Born in Roanoke, Virginia, in 1946 and raised in New Jersey, Mather grew up interested in math and science. He wrote in 2006 that his earliest school memory, from age 6, was “realizing that one could fill an entire page with digits and never come to the largest possible number, so I saw what was meant by infinity.” A voracious reader, he hid books under his desk and read rather than pay attention to lessons.

By fourth grade, given a radio kit for Christmas, he quickly was entranced and saved his allowance for a better one to listen to broadcasts from around the world.

He majored in physics as an undergraduate at Swarthmore and moved to Berkeley for graduate research. There, he worked on a project to measure the cosmic microwave background (CMB). Arno Penzias and Robert Wilson had discovered the CMB in 1964 when their new radio telescope picked up a low but steady signal, even after they had eliminated every imaginable source of interference (including pigeon droppings in the antenna). The cosmic microwave background is the earliest electromagnetic radiation in the universe, and its structure is some of the best evidence we have for the big bang.

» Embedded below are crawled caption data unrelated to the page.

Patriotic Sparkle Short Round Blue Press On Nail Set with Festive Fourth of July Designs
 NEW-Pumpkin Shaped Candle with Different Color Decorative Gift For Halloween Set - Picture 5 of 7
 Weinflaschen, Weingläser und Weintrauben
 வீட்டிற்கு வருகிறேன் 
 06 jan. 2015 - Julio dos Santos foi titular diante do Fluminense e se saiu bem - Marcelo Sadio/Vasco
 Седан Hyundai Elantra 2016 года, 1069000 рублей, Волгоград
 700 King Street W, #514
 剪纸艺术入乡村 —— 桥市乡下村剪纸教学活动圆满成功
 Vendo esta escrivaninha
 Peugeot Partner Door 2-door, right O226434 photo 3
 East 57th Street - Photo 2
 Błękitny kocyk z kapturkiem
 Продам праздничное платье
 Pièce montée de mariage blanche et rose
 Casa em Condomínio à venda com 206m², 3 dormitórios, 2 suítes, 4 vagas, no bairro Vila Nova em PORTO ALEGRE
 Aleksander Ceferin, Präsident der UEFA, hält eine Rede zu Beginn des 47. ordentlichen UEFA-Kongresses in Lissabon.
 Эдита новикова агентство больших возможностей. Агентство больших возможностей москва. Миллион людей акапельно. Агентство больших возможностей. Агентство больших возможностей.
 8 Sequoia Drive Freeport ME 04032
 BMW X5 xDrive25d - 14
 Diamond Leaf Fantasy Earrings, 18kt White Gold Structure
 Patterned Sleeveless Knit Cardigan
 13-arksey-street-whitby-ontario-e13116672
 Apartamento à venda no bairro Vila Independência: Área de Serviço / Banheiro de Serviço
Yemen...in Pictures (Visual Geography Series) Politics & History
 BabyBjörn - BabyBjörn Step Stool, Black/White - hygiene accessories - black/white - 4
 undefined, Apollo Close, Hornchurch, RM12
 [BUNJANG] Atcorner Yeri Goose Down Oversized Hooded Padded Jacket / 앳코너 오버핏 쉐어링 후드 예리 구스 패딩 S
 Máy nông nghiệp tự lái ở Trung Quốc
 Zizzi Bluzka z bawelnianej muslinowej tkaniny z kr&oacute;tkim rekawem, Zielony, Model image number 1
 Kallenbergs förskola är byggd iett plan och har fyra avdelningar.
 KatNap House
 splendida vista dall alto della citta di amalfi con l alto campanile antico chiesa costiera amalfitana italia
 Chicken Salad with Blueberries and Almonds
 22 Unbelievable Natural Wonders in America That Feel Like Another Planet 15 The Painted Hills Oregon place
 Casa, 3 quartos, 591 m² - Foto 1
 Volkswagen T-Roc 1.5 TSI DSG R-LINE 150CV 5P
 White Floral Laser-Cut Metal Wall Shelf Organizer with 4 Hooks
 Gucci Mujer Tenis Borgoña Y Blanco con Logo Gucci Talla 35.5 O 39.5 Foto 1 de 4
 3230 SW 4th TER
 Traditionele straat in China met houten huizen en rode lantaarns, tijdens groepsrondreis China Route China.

“I started right in,” Mather wrote. The project was to build a far-infrared spectrometer that would be taken to a mountain in California and pointed at the sky. The spectrometer yielded some “interesting” data, so the next step was to attach a spectrometer to a balloon that would raise it above the Earth’s atmosphere to get a better picture of the CMB. This half of the project did not go quite as well. As Mather recalled:

I’m afraid that my skill was stronger in understanding than it was in implementation, and it’s a true story that the antenna on the balloon payload fell off while it was on the launch pad. It was my solder joint that failed. Fortunately, this fault was noticed, and the payload was launched successfully.

However, it also was true that we had gotten tired of testing, and our instrument did not work, for three different reasons. It was an awful feeling—one that stayed with me for the rest of my life.
Luckily Mather was still able to finish his thesis, writing about the ground-based observations and the design for the balloon instrument. After graduating, he went on to new adventures—but quickly turned back to the cosmic microwave background and began working on what would become COBE. In 1989, the instrument was launched; in 1992, the spacecraft’s measurements of the “wrinkles” in the CMB made the front page of the New York Times. In 2006, he and collaborator George Smoot were awarded a Nobel Prize for their work.

Mather says JWST is now his “major passion.” James Webb, scheduled to launch in 2021, represents “the hopes and ambitions of the 10,000 astronomers who have already used the Hubble,” he told Space.com in 2011. Immensely more powerful than Hubble, JWST will be able to see further back in time to see the earliest galaxies in the universe. “I’m pretty confident there will be surprises out there,” he said, “things that will be worth all this work.”